Canadian special forces exchanged gunfire with Islamic State fighters in Iraq in recent days, in the first confirmed ground battle between Western troops and the extremists, a senior Canadian military officer said on Monday.
The Canadians came under mortar and machine gun fire while training Iraqi troops near front lines and shot back, killing the assailants in what Canadian Special Operations Forces commander Brigadier General Michael Rouleau described as self-defense.
Rouleau said the melee had taken place in the previous seven days and was “the first time we’ve taken fire and returned fire” in Iraq, where the extremists have overrun large areas.
“My troops had completed a planning session with senior Iraqi leaders several kilometers behind the front lines,” Rouleau told a regular news conference on the conflict. “When they moved forward to confirm the planning at the front lines in order to visualize what they had discussed over a map, they came under immediate and effective mortar and machine gun fire.”
The general said the Canadians used sniper fire to “neutralize both threats” and there were no Canadian injuries.
AIRSTRIKES
Canada sent about 600 air crew and other military personnel — as well as six fighter jets and other military aircraft — to the region in November last year to participate in US-led airstrikes.

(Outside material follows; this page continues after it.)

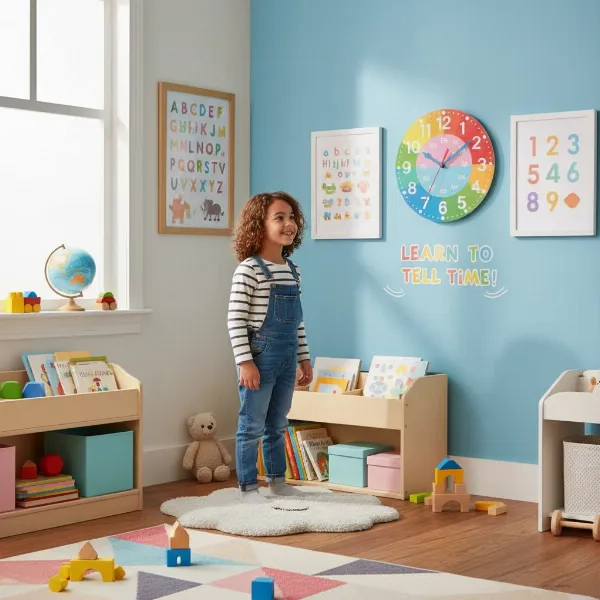 A young child interactively learning time with a vibrant wall clock integrated into their colorful room decor.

The Canadian deployment is due to end in April, unless the nation’s parliament votes to extend the mission.
There are also 69 Canadian special forces members training and advising Iraqi troops on the ground, but theoretically not in combat.
Canadian Joint Operations Command Lieutenant General Jonathan Vance said the Islamic State “has been stopped [in Iraq] and they are unable to mount broad offensive operations that would somehow change the situation dramatically.”
However, he added “a large-scale reversal of ISIL’s [the Islamic State’s] position in Iraq has yet to come.”
Using aerial maps, he pointed out “relatively modest areas where the tide has turned and Iraqi forces are in control of the area.”